This paper's remaining sections are arranged as follows: Section 2 provides an overview of previous studies pertinent to this research; Section 3 describes the workflow, dataset, data processing steps, and model structure; Section 4 outlines the experiment and evaluation setups; Section 5 presents the experiment configurations and evaluation criteria; and finally, Section 6 concludes the study with final remarks.

2 Related work

Speech text provides valuable insights for depression evaluation, which motivates researchers to develop automatic depression detection methods using textual data. Among the deep learning approaches, 1DCNN and variants of Recurrent Neural Networks (RNNs), such as Long Short-Term Memory (LSTM) and BiLSTM, have been widely employed for these tasks.

Convolutional neural networks, initially proposed for image processing (LeCun et al., 1989), were utilized for one-dimensional data in the mid-2010s, tackling difficulties in natural language processing, time-series analysis, and signal processing. An early milestone in this direction was the work of Kim et al., who applied 1DCNNs to text classification in 2014 (Kim, 2014).
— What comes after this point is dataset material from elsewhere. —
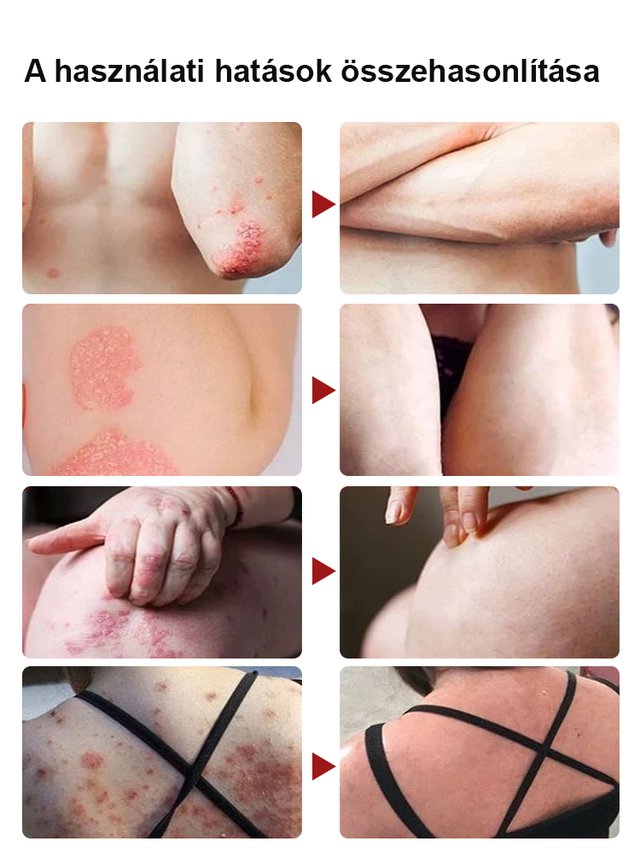 Miaojiang százfű viszketésgátló és antibakteriális kenőcs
Complementing CNNs, Long Short-Term Memory (LSTM) networks, proposed by Hochreiter and Schmidhuber (1997), addressed the vanishing gradient issue of traditional RNNs, allowing the effective learning of long- and short-term correlations. Building on LSTM, Graves and Schmidhuber (2005) proposed BiLSTM, which combines forward and backward LSTMs to capture bidirectional dependencies, making it suitable for sequential data processing tasks, e.g., speech recognition, automatic translation, and classifications.
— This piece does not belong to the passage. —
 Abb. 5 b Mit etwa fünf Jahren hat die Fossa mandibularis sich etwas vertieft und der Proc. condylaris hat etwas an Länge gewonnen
In 2023, Wani et al. explored depression screening using Word2Vec (Church, 2017) and TF-IDF (Baena-García et al., 2011) features combined with CNN and LSTM models (Ahmad Wani et al., 2023). They achieved accuracies of 99.01% with Word2Vec (CNN + LSTM) on data sourced from Facebook, Twitter, and YouTube. However, one of the study's limitations is its dependence on non-clinically diagnosed data, raising concerns about its applicability in clinical settings.

To address limitations in data and feature extraction, transfer learning techniques have emerged as a promising approach across various research domains and have shown effectiveness in a range of language-related applications.

The BERT model (Vaswani et al., 2017), pre-trained on massive corpora such as BooksCorpus (Zhu et al., 2015) and English Wikipedia, has become an essential building block of transfer learning techniques. Such proficiency in learning knowledge from long and uninterrupted texts through document-level training has been key to its applicability in tasks that need deep contextual understanding. For instance, Milintsevich et al. (2023) applied the RoBERTa (Liu et al., 2019) model, an adaptation of BERT, for depression prediction based on clinical transcripts from the DAIC dataset. According to their study, depression detection revealed a macro-F1 score of 73.9 within a binary setting, citing the need for clinically validated datasets.

Zhang and Guo (2024) presented the MDSD-FGPL algorithm, integrating BERT and T5 encoders in fine-grained prompt learning, through a research project carried out in 2024. The multi-tier detection approach yielded an F1-score of 0.8276 for binary classification, hence pointing out the advantages of encoder integration. Hadikhah Mozhdehi and Eftekhari Moghadam (2023) applied Emotional BERT toward tasks of emotion recognition on the Wang and MELD datasets through another investigation, further proving the effectiveness of transfer learning in deriving contextual knowledge from minimal datasets.

The T5 model, described by Raffel et al. (2020), has been widely applied to a variety of text-centered analytical tasks (Bao et al., 2024). The model's flexibility is further demonstrated by the Sensory-T5 version presented by Zhao et al. (2025), which incorporates sensory information to enhance emotion classification accuracy. This methodology has led to significant precision and F1 score improvement on various datasets.

Inspired by a similar effort, Lu et al. (2025) also fine-tuned T5 for their ABSA and achieved remarkable improvement through their application of data augmentation techniques and implicit rationale-driven information management. Chawla et al. (2024) also identified emotional dimensions that influence the negotiation process, particularly with regard to outcome predictions such as satisfaction and perceptions of partners. Incorporating the CaSiNo dataset with emoticons, Linguistic Inquiry and Word Count, and T5 models, they conducted a comparison whereby T5-Reddit performed better than other models in detecting subtle emotional expressions.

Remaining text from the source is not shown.